** RECORDED DATA **
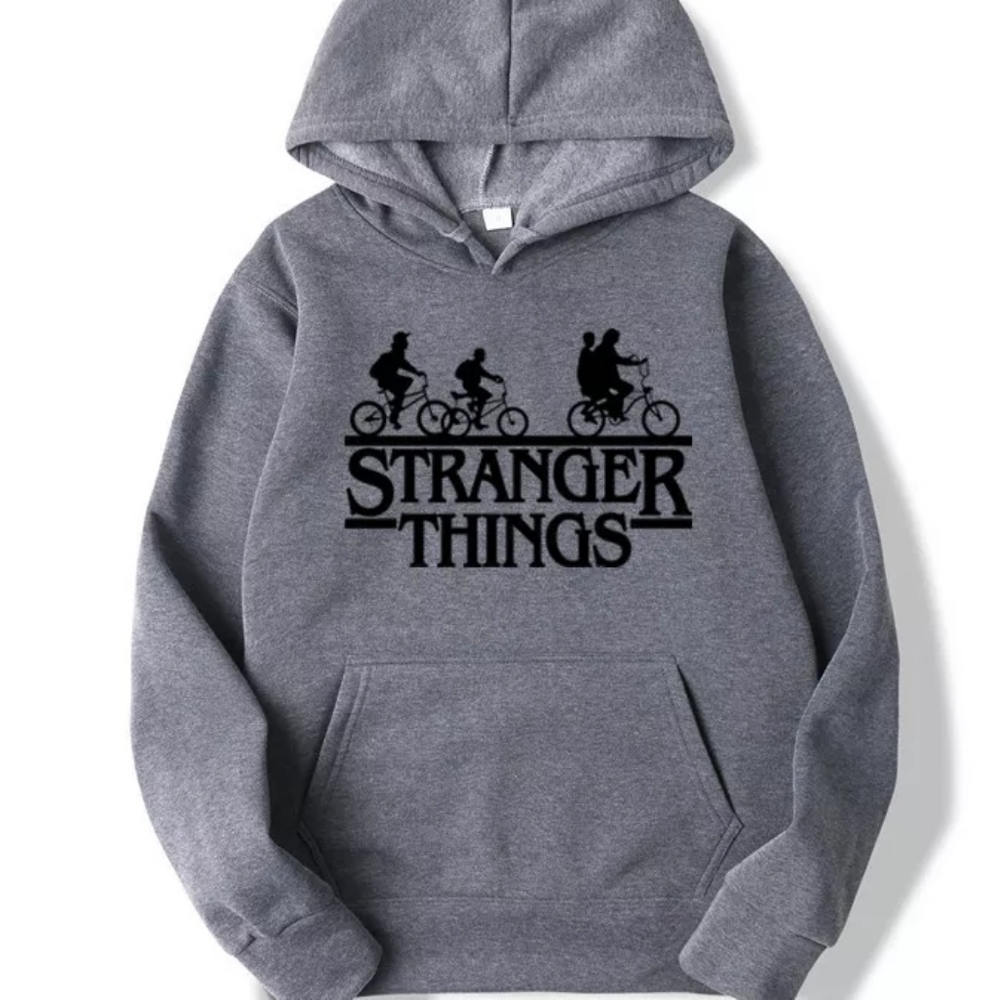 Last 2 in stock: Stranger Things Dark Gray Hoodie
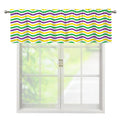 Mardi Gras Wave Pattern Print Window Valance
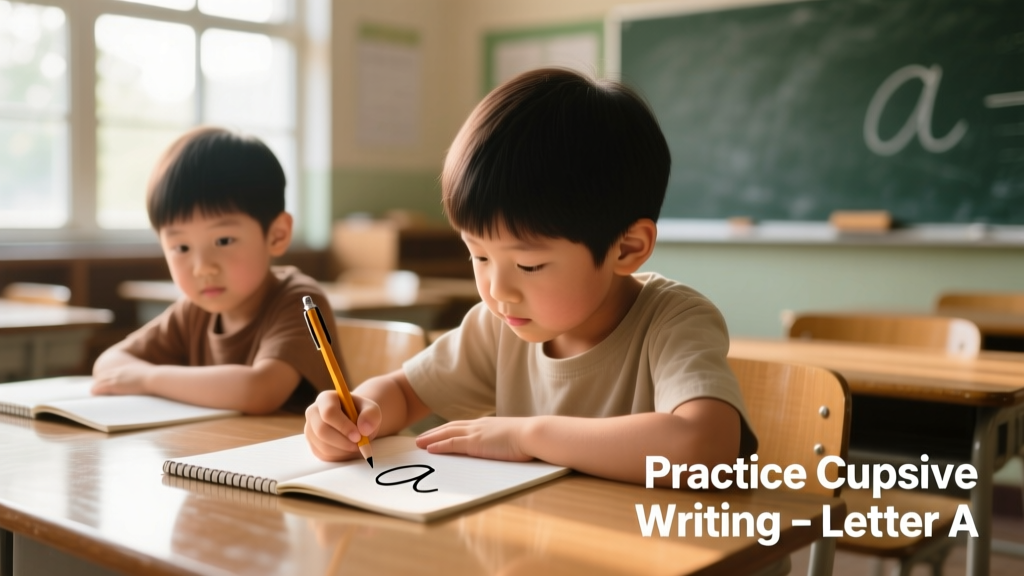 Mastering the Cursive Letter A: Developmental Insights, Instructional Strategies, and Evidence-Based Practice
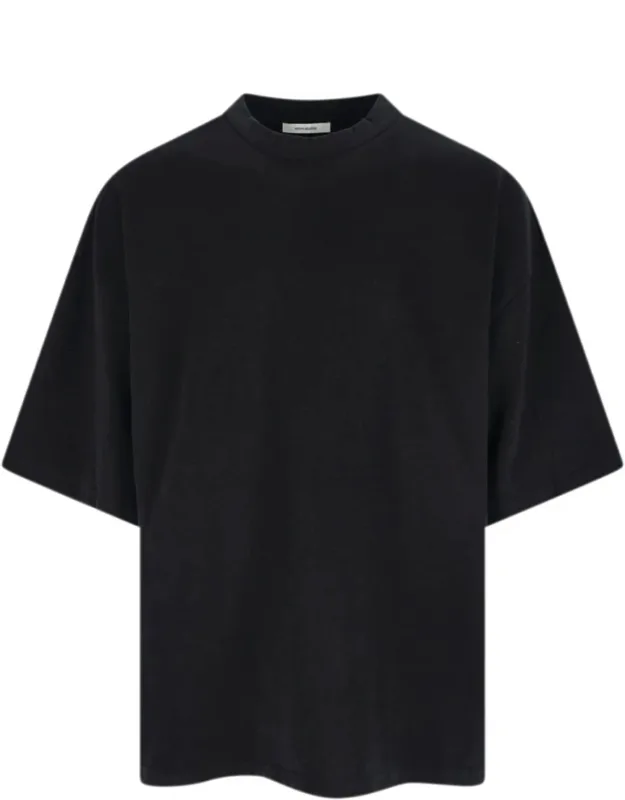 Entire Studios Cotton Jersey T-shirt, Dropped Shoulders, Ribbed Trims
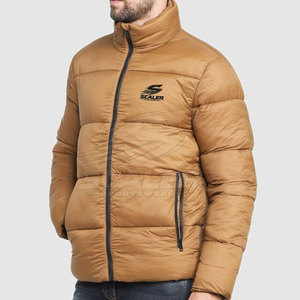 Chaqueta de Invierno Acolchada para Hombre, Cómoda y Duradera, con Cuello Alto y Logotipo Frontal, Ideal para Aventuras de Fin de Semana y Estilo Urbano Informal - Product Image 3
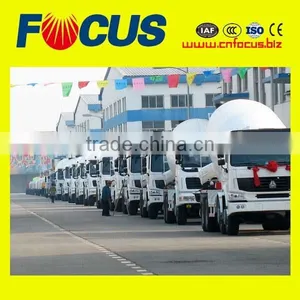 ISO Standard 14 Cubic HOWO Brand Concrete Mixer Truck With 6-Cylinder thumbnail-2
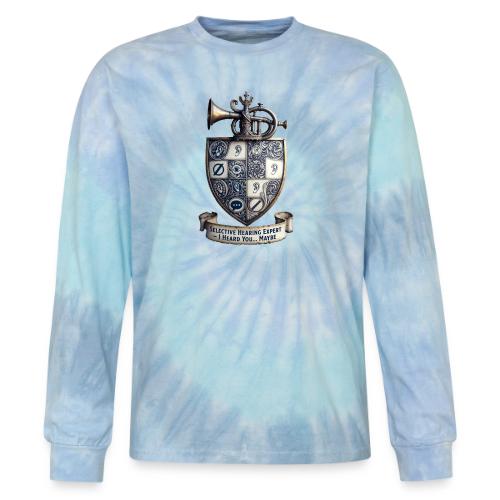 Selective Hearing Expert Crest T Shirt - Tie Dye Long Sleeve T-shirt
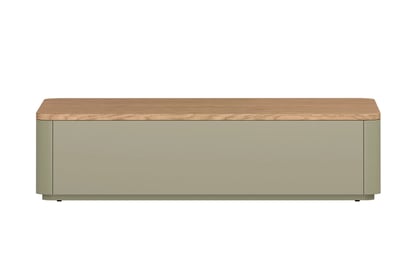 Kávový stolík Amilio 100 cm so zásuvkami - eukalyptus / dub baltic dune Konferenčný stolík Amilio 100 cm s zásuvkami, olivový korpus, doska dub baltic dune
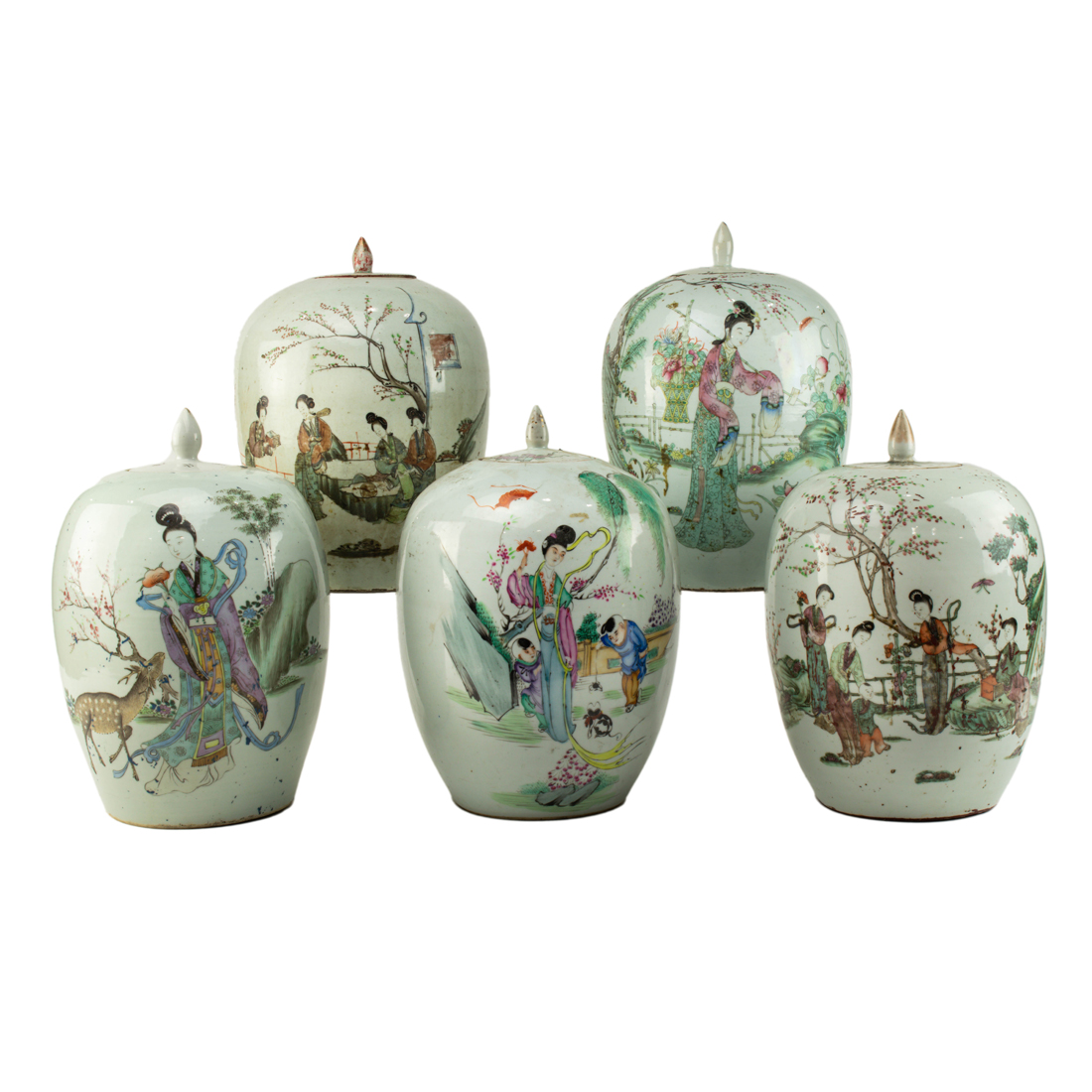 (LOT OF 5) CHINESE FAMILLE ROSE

--

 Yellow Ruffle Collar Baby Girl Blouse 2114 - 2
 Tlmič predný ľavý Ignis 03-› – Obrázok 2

--

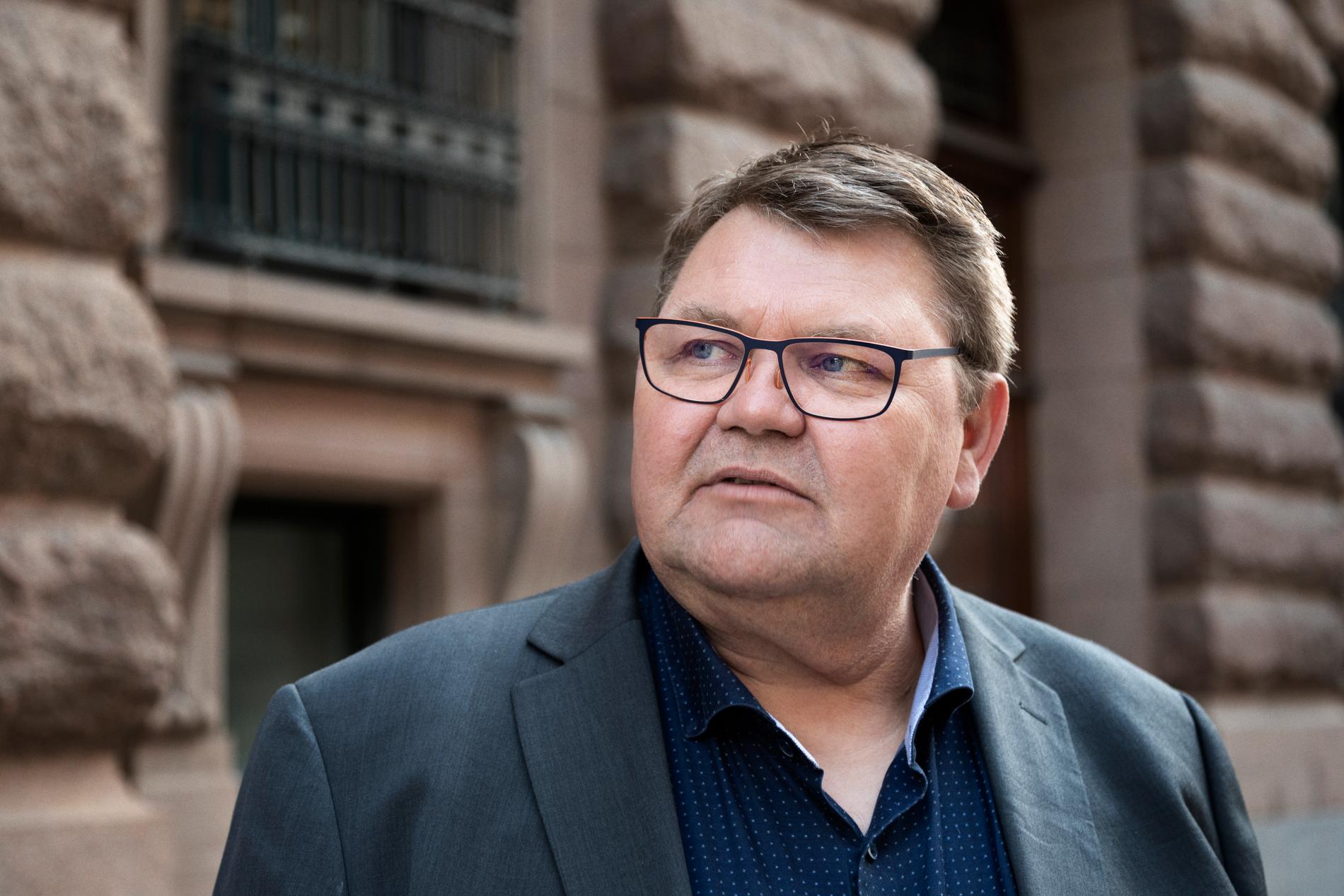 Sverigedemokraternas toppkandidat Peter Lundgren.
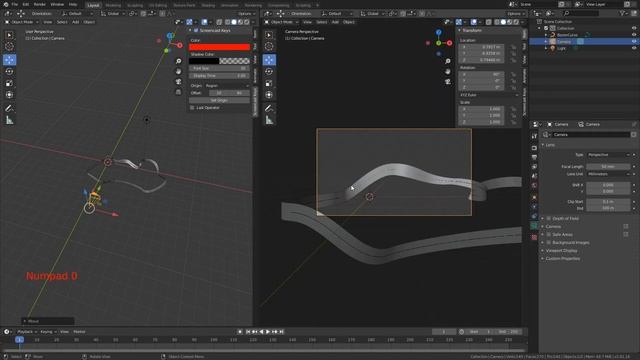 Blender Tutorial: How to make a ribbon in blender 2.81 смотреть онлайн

** THE TASK **
In the data above, start at the line holding "Kávový stolík Amilio" and stop after the line holding "(LOT OF 5) CHINESE FAMILLE ROSE"; write out those lines exactly, without pictures.

** RESULT BELOW **
 Kávový stolík Amilio 100 cm so zásuvkami - eukalyptus / dub baltic dune Konferenčný stolík Amilio 100 cm s zásuvkami, olivový korpus, doska dub baltic dune
 (LOT OF 5) CHINESE FAMILLE ROSE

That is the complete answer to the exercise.